From the data that follows, print exactly the lines starting at the one containing "Other NWT One" and ending at the one containing "Vintage Refuge Skinny"; include both of them and nothing more.

Records supplied section start

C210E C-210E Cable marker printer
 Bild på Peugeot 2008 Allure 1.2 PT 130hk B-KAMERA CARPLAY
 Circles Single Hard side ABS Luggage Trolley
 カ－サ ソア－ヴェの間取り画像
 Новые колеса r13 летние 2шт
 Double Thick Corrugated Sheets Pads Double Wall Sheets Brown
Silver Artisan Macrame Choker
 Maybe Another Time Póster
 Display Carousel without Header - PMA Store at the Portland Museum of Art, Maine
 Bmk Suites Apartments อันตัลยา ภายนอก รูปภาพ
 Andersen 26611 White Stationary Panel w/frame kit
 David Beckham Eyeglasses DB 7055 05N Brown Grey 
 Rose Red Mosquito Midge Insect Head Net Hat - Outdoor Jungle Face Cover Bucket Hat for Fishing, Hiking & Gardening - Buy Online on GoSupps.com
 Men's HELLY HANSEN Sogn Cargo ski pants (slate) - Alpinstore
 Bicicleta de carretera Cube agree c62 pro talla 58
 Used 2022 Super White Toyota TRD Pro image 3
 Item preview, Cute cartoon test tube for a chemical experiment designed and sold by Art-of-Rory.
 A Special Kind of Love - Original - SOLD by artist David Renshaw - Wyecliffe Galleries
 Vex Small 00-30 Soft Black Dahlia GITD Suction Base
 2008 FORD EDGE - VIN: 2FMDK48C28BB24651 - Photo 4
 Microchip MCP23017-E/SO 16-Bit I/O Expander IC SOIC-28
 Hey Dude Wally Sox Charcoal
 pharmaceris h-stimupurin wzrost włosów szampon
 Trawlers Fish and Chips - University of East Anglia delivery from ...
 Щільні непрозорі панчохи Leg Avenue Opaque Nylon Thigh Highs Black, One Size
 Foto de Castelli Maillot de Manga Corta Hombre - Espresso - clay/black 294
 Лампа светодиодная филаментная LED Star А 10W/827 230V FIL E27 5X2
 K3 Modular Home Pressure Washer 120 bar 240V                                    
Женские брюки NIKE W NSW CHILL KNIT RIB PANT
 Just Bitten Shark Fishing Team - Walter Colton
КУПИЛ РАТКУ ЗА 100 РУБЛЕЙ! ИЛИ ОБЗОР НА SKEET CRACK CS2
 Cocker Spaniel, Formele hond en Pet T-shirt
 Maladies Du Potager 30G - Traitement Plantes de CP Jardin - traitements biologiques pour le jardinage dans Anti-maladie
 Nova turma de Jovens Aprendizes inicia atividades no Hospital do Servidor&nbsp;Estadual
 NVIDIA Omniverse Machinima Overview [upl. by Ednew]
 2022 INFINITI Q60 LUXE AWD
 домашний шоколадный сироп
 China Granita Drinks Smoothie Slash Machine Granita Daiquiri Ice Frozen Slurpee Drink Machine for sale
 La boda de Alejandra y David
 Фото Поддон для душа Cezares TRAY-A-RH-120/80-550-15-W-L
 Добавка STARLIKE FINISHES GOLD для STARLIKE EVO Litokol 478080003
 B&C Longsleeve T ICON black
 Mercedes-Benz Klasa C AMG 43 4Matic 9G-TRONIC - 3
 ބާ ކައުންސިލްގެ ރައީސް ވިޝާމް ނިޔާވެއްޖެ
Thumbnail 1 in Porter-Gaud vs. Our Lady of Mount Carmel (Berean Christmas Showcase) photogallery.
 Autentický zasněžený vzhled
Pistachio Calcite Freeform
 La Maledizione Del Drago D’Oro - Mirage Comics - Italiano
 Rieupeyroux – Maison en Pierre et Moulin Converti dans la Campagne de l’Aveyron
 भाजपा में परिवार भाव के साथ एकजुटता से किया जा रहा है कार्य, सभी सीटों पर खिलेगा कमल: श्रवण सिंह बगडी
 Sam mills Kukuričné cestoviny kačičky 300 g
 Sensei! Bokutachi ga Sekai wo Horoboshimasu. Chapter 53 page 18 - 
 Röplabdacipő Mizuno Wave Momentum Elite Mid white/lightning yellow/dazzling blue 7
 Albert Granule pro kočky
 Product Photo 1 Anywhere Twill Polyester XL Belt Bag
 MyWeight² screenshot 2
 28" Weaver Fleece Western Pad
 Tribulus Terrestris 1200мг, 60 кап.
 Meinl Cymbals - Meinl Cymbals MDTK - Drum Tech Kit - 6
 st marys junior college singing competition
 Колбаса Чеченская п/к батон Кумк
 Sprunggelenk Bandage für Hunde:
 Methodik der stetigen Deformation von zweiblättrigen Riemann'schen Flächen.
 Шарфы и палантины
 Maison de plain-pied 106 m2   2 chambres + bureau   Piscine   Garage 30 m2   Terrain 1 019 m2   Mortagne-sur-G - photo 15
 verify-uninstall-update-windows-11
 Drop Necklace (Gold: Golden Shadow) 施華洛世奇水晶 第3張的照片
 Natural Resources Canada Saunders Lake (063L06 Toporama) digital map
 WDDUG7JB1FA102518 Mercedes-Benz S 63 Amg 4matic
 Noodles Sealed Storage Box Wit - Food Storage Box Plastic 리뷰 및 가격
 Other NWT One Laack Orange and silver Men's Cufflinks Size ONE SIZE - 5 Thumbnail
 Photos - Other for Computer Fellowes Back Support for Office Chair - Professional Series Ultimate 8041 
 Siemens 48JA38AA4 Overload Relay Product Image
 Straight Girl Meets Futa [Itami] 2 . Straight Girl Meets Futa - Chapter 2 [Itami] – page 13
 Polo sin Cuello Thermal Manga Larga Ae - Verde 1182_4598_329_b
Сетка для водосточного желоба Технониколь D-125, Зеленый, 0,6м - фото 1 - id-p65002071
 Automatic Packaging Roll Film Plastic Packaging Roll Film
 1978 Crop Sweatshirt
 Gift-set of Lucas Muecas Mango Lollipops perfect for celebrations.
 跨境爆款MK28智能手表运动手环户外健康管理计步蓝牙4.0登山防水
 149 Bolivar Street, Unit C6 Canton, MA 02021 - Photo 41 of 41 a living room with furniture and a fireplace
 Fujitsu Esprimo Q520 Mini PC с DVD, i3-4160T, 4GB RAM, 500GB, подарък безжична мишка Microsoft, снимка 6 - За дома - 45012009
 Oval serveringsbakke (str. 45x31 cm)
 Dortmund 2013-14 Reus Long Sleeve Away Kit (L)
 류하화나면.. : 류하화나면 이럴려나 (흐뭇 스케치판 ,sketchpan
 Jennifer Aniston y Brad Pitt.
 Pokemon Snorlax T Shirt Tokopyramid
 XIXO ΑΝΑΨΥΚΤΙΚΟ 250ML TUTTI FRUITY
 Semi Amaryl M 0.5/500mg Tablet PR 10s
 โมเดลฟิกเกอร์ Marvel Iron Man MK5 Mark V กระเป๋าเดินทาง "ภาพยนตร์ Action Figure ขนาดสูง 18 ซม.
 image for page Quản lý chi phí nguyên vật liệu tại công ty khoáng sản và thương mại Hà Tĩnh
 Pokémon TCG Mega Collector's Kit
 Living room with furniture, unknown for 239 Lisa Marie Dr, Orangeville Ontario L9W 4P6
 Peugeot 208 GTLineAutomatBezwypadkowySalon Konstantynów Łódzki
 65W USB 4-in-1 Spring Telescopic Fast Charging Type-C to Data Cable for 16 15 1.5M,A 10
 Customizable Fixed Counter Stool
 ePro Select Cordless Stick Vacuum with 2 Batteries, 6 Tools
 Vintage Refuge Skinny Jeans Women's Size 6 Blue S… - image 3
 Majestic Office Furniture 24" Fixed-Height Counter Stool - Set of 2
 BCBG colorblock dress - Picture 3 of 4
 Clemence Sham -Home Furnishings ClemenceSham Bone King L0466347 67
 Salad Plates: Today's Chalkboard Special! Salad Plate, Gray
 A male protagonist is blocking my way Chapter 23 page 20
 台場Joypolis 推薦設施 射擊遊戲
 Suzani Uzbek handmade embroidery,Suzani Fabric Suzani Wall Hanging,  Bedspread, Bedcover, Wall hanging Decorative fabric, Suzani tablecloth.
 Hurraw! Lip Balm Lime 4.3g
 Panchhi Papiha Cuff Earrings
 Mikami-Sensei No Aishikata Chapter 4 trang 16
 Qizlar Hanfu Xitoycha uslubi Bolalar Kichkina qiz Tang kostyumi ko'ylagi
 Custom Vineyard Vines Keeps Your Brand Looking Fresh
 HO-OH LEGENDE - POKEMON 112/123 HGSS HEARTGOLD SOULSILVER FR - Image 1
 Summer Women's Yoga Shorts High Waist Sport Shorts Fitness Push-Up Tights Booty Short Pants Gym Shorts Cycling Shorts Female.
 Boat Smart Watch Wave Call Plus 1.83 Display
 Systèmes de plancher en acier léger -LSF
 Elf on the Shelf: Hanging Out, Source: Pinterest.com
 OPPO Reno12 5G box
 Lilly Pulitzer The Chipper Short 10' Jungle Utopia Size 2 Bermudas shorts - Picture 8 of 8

Records supplied section end

▶ [Solution to this task]:
 Other NWT One Laack Orange and silver Men's Cufflinks Size ONE SIZE - 5 Thumbnail
 Photos - Other for Computer Fellowes Back Support for Office Chair - Professional Series Ultimate 8041 
 Siemens 48JA38AA4 Overload Relay Product Image
 Straight Girl Meets Futa [Itami] 2 . Straight Girl Meets Futa - Chapter 2 [Itami] – page 13
 Polo sin Cuello Thermal Manga Larga Ae - Verde 1182_4598_329_b
Сетка для водосточного желоба Технониколь D-125, Зеленый, 0,6м - фото 1 - id-p65002071
 Automatic Packaging Roll Film Plastic Packaging Roll Film
 1978 Crop Sweatshirt
 Gift-set of Lucas Muecas Mango Lollipops perfect for celebrations.
 跨境爆款MK28智能手表运动手环户外健康管理计步蓝牙4.0登山防水
 149 Bolivar Street, Unit C6 Canton, MA 02021 - Photo 41 of 41 a living room with furniture and a fireplace
 Fujitsu Esprimo Q520 Mini PC с DVD, i3-4160T, 4GB RAM, 500GB, подарък безжична мишка Microsoft, снимка 6 - За дома - 45012009
 Oval serveringsbakke (str. 45x31 cm)
 Dortmund 2013-14 Reus Long Sleeve Away Kit (L)
 류하화나면.. : 류하화나면 이럴려나 (흐뭇 스케치판 ,sketchpan
 Jennifer Aniston y Brad Pitt.
 Pokemon Snorlax T Shirt Tokopyramid
 XIXO ΑΝΑΨΥΚΤΙΚΟ 250ML TUTTI FRUITY
 Semi Amaryl M 0.5/500mg Tablet PR 10s
 โมเดลฟิกเกอร์ Marvel Iron Man MK5 Mark V กระเป๋าเดินทาง "ภาพยนตร์ Action Figure ขนาดสูง 18 ซม.
 image for page Quản lý chi phí nguyên vật liệu tại công ty khoáng sản và thương mại Hà Tĩnh
 Pokémon TCG Mega Collector's Kit
 Living room with furniture, unknown for 239 Lisa Marie Dr, Orangeville Ontario L9W 4P6
 Peugeot 208 GTLineAutomatBezwypadkowySalon Konstantynów Łódzki
 65W USB 4-in-1 Spring Telescopic Fast Charging Type-C to Data Cable for 16 15 1.5M,A 10
 Customizable Fixed Counter Stool
 ePro Select Cordless Stick Vacuum with 2 Batteries, 6 Tools
 Vintage Refuge Skinny Jeans Women's Size 6 Blue S… - image 3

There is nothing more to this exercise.